Segment Start: Records for this task

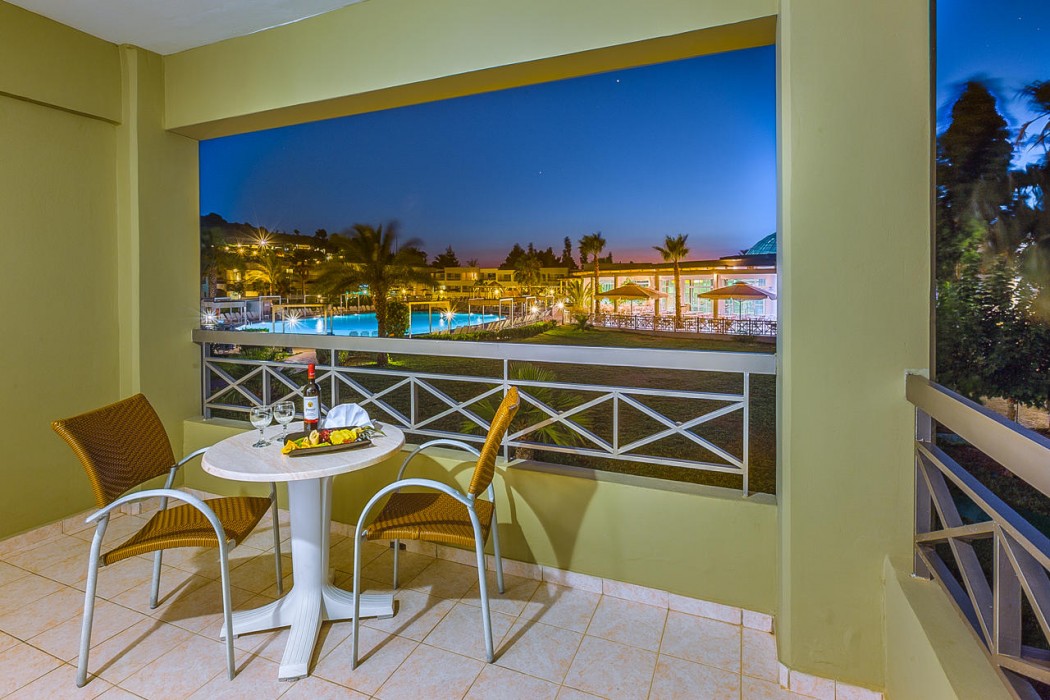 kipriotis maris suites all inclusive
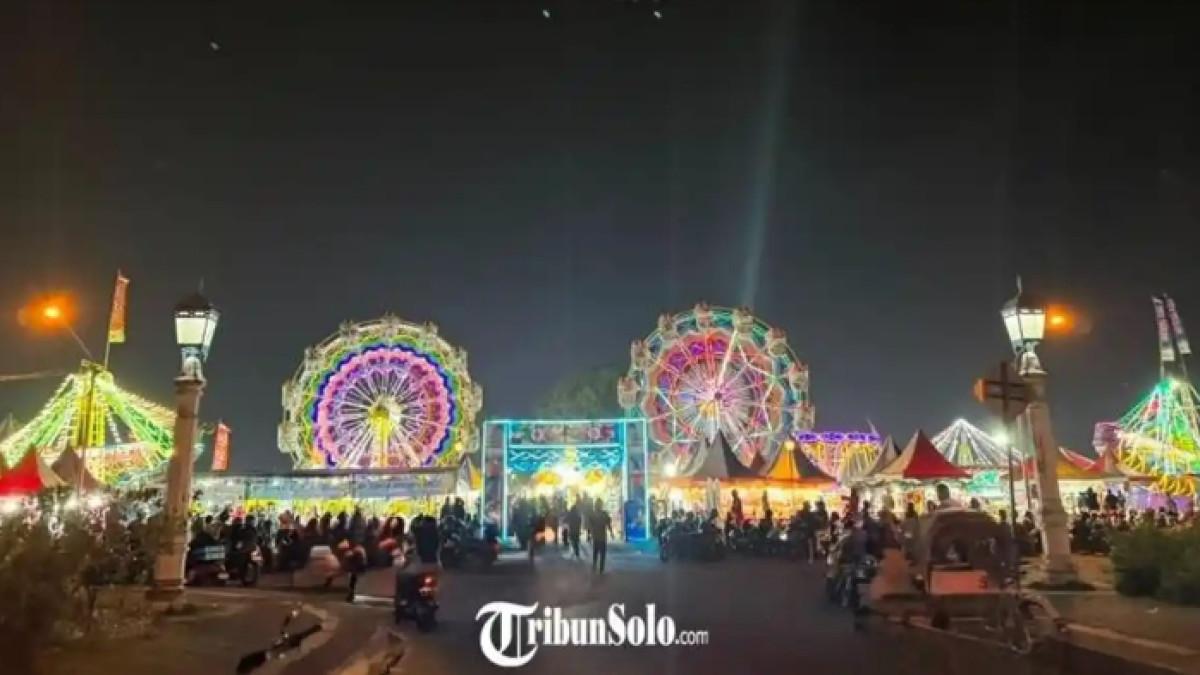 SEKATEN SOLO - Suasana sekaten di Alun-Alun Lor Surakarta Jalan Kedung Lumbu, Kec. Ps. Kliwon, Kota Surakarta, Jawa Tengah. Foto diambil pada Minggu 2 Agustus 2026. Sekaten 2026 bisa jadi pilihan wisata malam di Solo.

Segment End: Records for this task
Segment Start: Records for this task

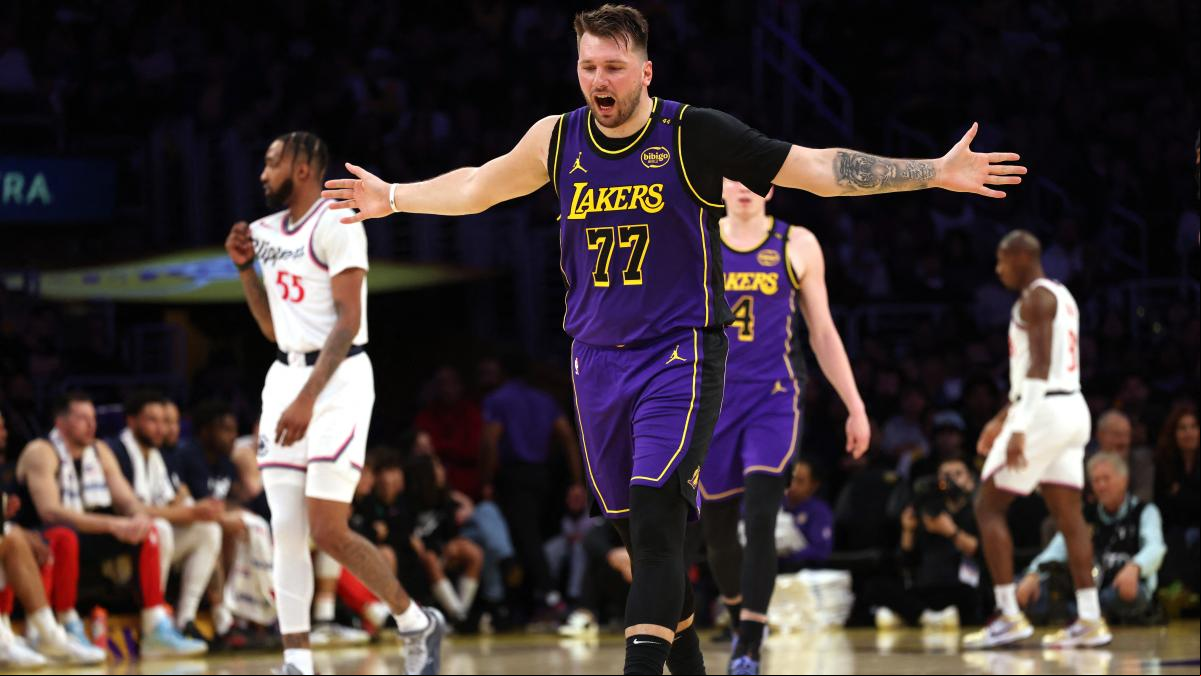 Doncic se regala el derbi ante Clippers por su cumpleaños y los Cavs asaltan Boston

Segment End: Records for this task
Segment Start: Records for this task

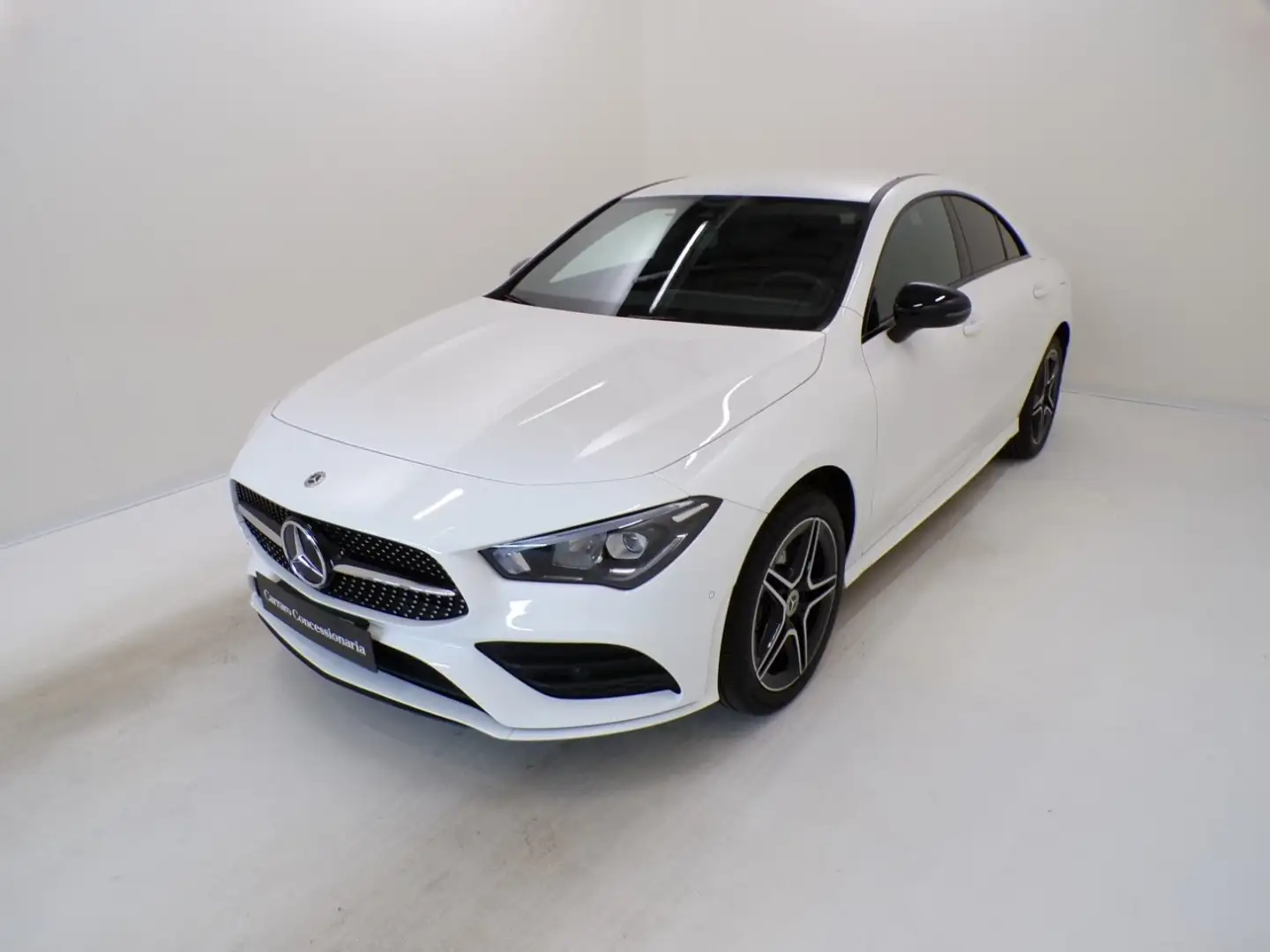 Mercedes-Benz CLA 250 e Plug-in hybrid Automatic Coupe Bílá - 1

Segment End: Records for this task

▸ Assignment: Go down the entries above from the line containing "kipriotis maris suites all inclusive" to the line containing "SEKATEN SOLO - Suasana" and write out each line exactly, leaving pictures out.

▸ Result below:
 kipriotis maris suites all inclusive
 SEKATEN SOLO - Suasana sekaten di Alun-Alun Lor Surakarta Jalan Kedung Lumbu, Kec. Ps. Kliwon, Kota Surakarta, Jawa Tengah. Foto diambil pada Minggu 2 Agustus 2026. Sekaten 2026 bisa jadi pilihan wisata malam di Solo.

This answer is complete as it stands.